Il luogo sulla strada provinciale via Pietro Nenni dove la studentessa sorana ha perso la vita è un luogo di dolore, “trasformato” dall’arpinate Gianni Vallucci in una sorta di mausoleo dedicato alla memoria di questa straordinaria ragazza.
Accanto al dipinto che ritrae il volto di Stella, da lui realizzato, opportunamente protetto dalle intemperie e costantemente illuminato da alcuni faretti ad energia solare, nei giorni scorsi Gianni ha voluto allocare un piccolo albero di Natale e degli addobbi a tema, per far sì che le luci delle feste non manchino in tal punto, che non deve essere solo lacrime.
Gianni ha adottato questo scorcio, ci si reca spesso, se ne prende cura e, l’aspetto più importante, ci porta anche noi tutti, riuscendo a catturare l’attenzione di quanti passano e sollecitando un pensiero per la bellissima Stella.
Così commenta Gianni «Sicuramente per le famiglie che hanno avuto un gravissimo lutto il Natale non è uguale alle altre famiglie.

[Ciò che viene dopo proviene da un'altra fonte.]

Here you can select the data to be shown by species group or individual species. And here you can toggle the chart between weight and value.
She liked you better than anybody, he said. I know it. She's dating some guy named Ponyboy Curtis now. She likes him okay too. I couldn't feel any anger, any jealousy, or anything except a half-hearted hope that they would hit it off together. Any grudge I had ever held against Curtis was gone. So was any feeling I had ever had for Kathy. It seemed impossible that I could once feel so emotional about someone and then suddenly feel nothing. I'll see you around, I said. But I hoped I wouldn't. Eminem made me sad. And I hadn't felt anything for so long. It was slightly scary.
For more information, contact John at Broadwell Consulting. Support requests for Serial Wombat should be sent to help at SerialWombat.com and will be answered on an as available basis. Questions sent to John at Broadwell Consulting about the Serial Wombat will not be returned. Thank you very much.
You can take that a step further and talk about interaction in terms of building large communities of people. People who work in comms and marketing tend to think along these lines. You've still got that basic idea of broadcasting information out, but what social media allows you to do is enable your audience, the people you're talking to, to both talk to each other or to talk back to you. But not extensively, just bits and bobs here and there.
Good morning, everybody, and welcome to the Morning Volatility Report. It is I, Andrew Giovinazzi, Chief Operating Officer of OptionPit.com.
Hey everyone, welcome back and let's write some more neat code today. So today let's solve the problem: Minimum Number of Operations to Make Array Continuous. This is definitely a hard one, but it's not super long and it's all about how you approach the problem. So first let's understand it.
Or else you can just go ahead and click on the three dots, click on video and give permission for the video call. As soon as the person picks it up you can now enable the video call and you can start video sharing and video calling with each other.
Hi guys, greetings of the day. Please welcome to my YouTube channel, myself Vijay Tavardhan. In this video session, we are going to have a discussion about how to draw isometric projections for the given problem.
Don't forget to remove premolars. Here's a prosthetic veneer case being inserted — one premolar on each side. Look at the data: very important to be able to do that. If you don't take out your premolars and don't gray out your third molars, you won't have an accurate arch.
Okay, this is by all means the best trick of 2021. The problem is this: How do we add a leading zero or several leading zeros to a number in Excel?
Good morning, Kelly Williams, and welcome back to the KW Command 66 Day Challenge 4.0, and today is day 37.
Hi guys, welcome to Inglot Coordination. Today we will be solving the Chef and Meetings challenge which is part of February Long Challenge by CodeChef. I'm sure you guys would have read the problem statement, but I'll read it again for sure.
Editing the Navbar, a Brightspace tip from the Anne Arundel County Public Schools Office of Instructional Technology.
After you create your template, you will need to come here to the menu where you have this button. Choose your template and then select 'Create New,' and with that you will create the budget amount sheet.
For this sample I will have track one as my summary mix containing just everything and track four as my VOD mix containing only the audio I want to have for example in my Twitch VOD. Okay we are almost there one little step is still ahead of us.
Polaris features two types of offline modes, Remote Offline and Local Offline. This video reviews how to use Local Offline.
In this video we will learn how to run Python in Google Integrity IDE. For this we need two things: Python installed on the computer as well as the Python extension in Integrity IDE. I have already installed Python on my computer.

Anche io passerò il Natale da solo perché i miei affetti più cari sono lontani, vivono in altre città. Ma non sono stato colpito da una tragedia così grande ed allora la mia felicità è stare insieme a chi non è con noi fisicamente ma è comunque vicino a noi».
Grazie a Gianni perché contribuisce a tenere vivo e ad illuminare il ricordo della brillante Stella. Ne deriva una spontanea considerazione: se non fosse per la sensibilità dell’artista arpinate il tratto di strada provinciale in questione resterebbe completamente al buio.